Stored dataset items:
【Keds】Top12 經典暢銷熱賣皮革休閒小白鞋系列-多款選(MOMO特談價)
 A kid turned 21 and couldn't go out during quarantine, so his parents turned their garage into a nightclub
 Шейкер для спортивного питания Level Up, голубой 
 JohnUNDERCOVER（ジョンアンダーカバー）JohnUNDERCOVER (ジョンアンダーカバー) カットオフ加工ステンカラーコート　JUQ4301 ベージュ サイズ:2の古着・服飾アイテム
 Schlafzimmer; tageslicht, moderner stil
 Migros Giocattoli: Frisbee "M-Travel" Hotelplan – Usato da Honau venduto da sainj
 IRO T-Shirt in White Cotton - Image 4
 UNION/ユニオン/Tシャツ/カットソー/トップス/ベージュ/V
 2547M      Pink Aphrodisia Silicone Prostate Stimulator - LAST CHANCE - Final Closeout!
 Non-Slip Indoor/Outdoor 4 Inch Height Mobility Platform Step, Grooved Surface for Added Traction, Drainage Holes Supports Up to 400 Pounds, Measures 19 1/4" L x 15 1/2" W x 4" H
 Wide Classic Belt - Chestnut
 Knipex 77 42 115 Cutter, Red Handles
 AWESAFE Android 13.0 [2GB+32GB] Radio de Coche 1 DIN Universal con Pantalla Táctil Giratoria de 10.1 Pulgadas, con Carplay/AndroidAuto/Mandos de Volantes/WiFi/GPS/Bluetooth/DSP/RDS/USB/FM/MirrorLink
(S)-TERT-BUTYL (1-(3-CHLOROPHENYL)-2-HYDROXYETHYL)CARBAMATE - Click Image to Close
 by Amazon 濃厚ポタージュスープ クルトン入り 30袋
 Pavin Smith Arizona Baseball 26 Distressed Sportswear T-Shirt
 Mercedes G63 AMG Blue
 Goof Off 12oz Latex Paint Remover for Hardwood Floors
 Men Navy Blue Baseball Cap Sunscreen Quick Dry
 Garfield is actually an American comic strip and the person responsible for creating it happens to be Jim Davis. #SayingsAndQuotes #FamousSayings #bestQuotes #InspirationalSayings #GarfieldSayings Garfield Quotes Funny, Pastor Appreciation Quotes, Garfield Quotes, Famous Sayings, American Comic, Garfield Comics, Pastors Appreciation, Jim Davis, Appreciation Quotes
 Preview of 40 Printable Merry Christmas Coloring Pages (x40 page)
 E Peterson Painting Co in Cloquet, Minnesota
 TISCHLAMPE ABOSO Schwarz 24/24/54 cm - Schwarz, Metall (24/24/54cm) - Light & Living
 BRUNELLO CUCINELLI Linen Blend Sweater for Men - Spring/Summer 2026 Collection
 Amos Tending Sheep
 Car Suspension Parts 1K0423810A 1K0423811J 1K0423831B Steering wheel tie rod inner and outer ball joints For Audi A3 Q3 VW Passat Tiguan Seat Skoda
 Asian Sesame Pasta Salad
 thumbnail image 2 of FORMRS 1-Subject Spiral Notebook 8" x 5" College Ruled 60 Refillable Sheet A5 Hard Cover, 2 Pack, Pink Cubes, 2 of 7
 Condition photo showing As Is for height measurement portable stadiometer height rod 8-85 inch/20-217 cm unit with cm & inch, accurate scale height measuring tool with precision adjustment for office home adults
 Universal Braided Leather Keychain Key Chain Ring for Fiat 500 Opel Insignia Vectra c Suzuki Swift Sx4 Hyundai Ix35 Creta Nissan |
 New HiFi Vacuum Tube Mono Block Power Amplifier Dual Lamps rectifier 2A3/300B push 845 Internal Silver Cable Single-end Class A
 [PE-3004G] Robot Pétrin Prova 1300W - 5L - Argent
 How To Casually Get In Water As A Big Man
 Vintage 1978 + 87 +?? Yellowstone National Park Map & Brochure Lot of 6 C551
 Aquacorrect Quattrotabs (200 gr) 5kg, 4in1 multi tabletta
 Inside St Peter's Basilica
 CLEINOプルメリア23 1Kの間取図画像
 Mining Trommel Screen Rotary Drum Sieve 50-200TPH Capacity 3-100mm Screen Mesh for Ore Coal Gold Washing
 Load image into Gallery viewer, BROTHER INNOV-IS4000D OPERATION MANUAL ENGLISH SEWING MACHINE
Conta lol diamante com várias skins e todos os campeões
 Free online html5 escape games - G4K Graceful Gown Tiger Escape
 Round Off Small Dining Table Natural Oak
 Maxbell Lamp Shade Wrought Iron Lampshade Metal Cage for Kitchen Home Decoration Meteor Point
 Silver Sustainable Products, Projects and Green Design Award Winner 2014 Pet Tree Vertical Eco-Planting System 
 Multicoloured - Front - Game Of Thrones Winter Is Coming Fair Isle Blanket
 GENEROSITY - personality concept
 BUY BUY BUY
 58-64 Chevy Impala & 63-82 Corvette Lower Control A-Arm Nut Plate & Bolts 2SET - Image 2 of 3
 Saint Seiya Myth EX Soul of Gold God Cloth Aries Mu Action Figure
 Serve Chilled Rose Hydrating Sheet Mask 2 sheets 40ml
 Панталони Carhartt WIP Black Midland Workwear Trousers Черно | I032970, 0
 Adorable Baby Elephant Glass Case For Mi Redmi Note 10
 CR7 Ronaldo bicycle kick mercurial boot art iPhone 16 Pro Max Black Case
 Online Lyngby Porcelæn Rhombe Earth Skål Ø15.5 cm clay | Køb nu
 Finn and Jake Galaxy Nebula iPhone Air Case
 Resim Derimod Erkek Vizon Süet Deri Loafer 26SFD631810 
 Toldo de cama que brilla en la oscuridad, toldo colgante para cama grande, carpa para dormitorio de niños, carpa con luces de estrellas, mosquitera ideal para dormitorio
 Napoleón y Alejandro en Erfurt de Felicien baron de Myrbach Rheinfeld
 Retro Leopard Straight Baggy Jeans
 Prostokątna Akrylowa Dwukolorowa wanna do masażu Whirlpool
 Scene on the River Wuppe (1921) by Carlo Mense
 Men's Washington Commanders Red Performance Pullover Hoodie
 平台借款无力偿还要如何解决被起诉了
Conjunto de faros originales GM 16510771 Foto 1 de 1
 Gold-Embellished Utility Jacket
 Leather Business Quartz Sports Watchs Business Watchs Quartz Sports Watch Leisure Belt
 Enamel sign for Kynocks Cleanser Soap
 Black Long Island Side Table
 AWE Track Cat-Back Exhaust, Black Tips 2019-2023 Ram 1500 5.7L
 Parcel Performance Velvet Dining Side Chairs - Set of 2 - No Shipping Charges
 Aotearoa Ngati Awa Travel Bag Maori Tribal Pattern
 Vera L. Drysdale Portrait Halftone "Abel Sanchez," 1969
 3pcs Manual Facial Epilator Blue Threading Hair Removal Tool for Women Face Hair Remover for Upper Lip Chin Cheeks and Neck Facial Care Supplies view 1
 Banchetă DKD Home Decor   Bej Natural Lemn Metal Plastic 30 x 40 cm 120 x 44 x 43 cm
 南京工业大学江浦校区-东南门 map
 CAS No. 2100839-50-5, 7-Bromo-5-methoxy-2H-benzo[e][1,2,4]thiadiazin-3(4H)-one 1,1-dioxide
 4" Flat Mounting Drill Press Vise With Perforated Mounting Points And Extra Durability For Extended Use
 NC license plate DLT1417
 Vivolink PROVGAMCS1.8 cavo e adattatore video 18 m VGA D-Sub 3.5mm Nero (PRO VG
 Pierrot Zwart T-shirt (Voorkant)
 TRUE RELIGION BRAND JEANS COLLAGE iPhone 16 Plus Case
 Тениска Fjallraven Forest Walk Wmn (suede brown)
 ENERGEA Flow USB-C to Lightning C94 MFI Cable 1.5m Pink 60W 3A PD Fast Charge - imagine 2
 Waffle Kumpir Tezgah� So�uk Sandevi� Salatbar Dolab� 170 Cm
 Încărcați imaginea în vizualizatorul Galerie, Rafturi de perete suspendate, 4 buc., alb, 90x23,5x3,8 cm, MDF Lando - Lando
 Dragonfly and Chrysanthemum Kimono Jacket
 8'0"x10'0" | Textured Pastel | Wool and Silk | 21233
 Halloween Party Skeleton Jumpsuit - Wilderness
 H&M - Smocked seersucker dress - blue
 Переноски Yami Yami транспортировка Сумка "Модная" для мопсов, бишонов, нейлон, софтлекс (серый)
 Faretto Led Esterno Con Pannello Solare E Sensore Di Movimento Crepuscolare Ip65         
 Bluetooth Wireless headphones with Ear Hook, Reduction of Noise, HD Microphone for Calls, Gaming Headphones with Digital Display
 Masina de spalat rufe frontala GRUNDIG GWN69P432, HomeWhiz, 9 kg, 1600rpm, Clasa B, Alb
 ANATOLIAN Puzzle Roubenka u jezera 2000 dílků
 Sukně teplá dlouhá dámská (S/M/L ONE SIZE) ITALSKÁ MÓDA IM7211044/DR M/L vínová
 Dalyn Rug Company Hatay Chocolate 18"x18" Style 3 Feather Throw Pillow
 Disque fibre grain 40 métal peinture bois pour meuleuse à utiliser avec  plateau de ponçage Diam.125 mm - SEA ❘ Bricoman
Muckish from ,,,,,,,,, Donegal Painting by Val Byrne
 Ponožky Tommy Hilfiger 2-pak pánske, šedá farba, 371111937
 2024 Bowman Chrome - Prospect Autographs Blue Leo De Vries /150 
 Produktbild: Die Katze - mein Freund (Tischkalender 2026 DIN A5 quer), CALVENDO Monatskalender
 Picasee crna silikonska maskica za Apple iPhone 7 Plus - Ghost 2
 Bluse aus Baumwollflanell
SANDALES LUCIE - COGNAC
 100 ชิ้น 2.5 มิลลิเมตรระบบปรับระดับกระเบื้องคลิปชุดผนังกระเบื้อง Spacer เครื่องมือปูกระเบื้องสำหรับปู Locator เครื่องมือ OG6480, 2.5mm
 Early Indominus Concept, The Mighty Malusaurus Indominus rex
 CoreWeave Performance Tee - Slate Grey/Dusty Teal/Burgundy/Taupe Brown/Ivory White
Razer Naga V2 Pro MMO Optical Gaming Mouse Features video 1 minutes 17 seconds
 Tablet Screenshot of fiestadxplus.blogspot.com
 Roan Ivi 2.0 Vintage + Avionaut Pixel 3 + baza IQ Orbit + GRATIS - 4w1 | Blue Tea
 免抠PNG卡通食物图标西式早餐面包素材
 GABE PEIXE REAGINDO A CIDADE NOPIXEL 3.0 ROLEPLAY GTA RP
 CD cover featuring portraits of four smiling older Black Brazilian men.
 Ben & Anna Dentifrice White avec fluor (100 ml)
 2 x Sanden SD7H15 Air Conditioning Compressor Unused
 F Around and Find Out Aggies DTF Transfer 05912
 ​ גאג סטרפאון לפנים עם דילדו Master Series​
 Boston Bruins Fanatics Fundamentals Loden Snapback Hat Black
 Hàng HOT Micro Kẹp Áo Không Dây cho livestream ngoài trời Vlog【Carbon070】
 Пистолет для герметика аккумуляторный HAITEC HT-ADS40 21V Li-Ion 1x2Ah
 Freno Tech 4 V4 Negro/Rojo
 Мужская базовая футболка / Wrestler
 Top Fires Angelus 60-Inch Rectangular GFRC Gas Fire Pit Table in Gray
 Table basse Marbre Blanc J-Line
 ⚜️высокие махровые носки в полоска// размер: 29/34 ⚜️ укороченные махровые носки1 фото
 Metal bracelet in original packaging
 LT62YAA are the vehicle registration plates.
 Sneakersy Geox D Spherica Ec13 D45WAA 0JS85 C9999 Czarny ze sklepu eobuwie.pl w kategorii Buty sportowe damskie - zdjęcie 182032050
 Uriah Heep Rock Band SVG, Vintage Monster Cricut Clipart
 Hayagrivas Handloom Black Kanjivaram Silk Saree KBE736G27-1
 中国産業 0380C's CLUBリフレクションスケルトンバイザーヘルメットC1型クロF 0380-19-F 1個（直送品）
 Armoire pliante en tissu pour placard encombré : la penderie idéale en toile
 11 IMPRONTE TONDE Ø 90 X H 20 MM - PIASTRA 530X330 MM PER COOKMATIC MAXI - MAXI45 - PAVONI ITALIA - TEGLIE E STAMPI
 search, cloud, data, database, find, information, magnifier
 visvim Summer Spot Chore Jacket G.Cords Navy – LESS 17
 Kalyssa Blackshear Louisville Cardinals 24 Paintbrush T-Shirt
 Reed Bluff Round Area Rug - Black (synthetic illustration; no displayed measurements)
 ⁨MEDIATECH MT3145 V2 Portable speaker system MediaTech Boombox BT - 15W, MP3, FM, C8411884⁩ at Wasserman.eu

■ **What to do**:
In the entries above, find the line with "Bluetooth Wireless headphones" and the line with "SANDALES LUCIE - COGNAC", then restate word for word both of them and every line between, with nothing more.

■ **Result of the task**:
 Bluetooth Wireless headphones with Ear Hook, Reduction of Noise, HD Microphone for Calls, Gaming Headphones with Digital Display
 Masina de spalat rufe frontala GRUNDIG GWN69P432, HomeWhiz, 9 kg, 1600rpm, Clasa B, Alb
 ANATOLIAN Puzzle Roubenka u jezera 2000 dílků
 Sukně teplá dlouhá dámská (S/M/L ONE SIZE) ITALSKÁ MÓDA IM7211044/DR M/L vínová
 Dalyn Rug Company Hatay Chocolate 18"x18" Style 3 Feather Throw Pillow
 Disque fibre grain 40 métal peinture bois pour meuleuse à utiliser avec  plateau de ponçage Diam.125 mm - SEA ❘ Bricoman
Muckish from ,,,,,,,,, Donegal Painting by Val Byrne
 Ponožky Tommy Hilfiger 2-pak pánske, šedá farba, 371111937
 2024 Bowman Chrome - Prospect Autographs Blue Leo De Vries /150 
 Produktbild: Die Katze - mein Freund (Tischkalender 2026 DIN A5 quer), CALVENDO Monatskalender
 Picasee crna silikonska maskica za Apple iPhone 7 Plus - Ghost 2
 Bluse aus Baumwollflanell
SANDALES LUCIE - COGNAC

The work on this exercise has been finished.